### PROVIDED DATA
BEGIN
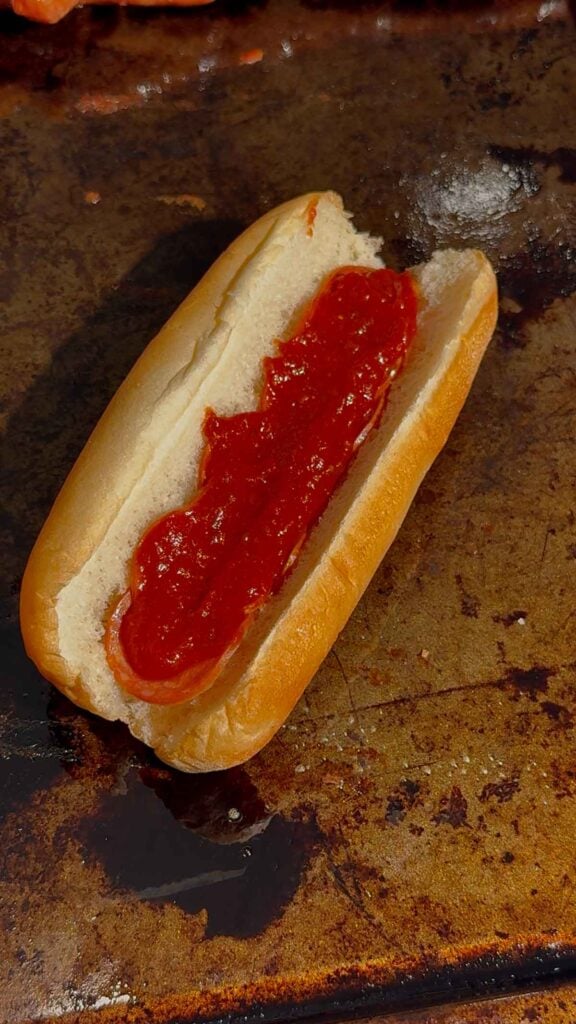 pizza sauce and pepperoni slices on a hot dog bun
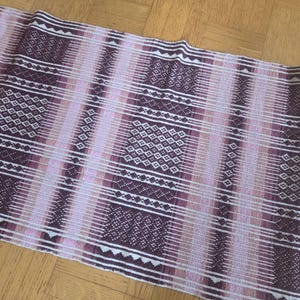 May include: A woven textile with a geometric pattern in shades of purple, pink, and white. The design features vertical stripes and diamond-shaped motifs, creating a textured appearance. The fabric is likely used for home decor or crafting.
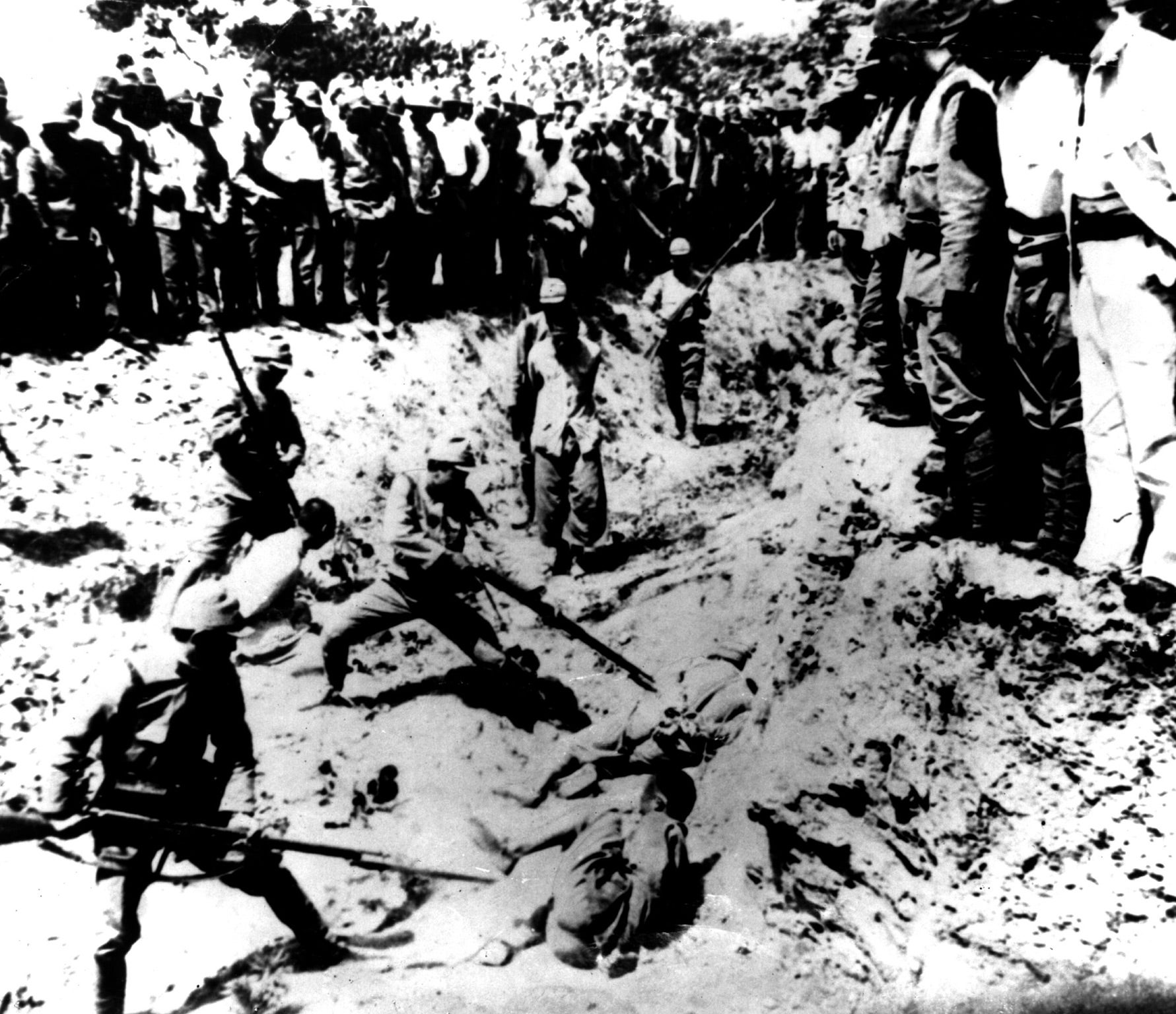 Japanese recruits at bayonet drill using Chinese prisoners as targets, after the capture of the Chinese capital, Nanjing, in 1937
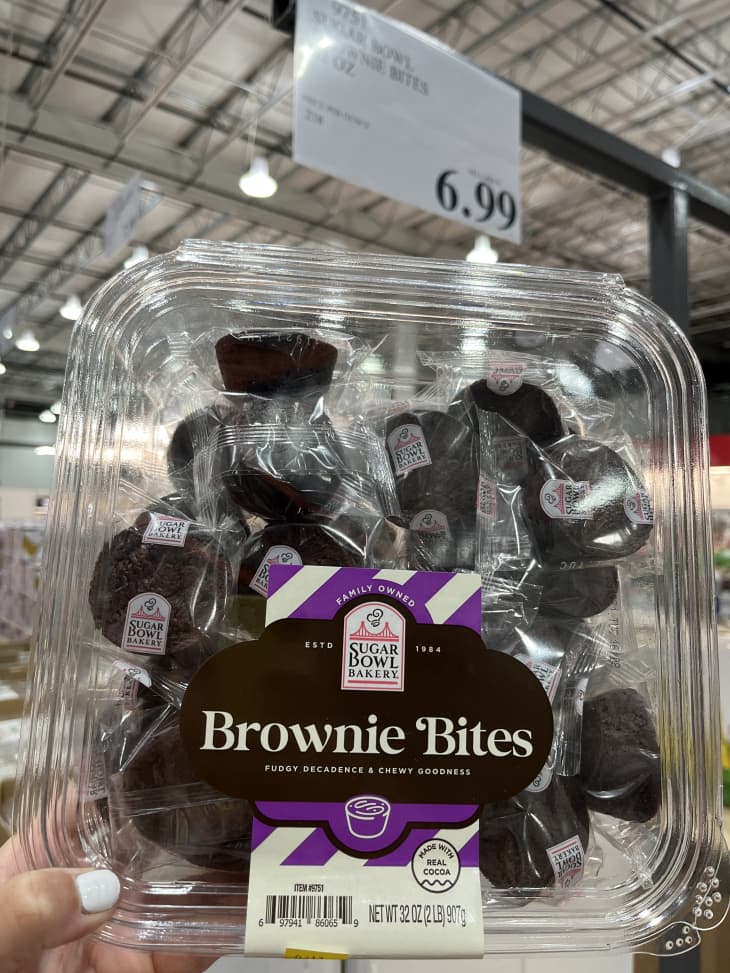 brownie bites, clear plastic square container, price tag above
END
### WHAT YOU WILL DO
The data above must be written out again without alteration, and the pictures in them must be excluded.

### TASK SOLUTION
 pizza sauce and pepperoni slices on a hot dog bun
 May include: A woven textile with a geometric pattern in shades of purple, pink, and white. The design features vertical stripes and diamond-shaped motifs, creating a textured appearance. The fabric is likely used for home decor or crafting.
 Japanese recruits at bayonet drill using Chinese prisoners as targets, after the capture of the Chinese capital, Nanjing, in 1937
 brownie bites, clear plastic square container, price tag above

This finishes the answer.